(Supplied data)
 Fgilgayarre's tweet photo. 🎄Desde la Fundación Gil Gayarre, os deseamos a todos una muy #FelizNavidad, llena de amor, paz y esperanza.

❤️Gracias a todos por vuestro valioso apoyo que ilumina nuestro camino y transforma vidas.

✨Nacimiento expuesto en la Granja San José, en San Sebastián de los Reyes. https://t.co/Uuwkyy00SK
(End Supplied data)
(Supplied data)
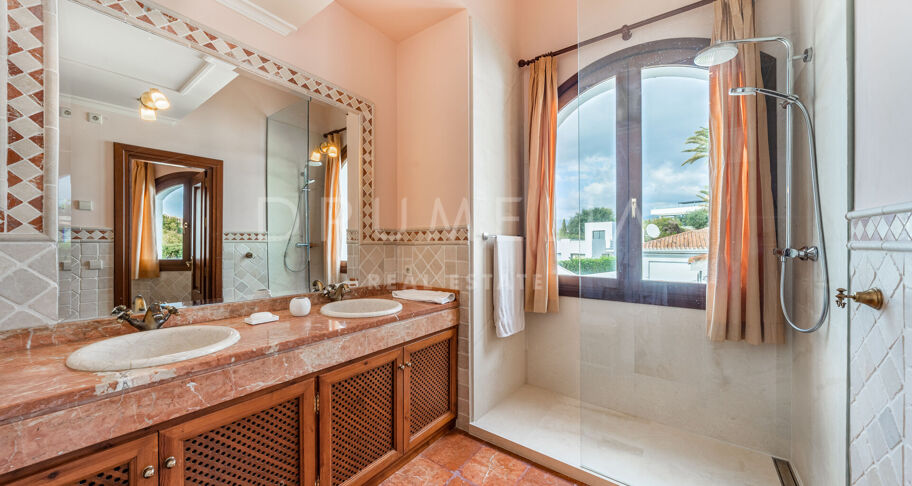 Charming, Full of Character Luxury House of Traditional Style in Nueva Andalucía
(End Supplied data)
▶ Work task
Reply with the count alone: how many lines of the records contain the string "todos"?

▶ Output for this task
2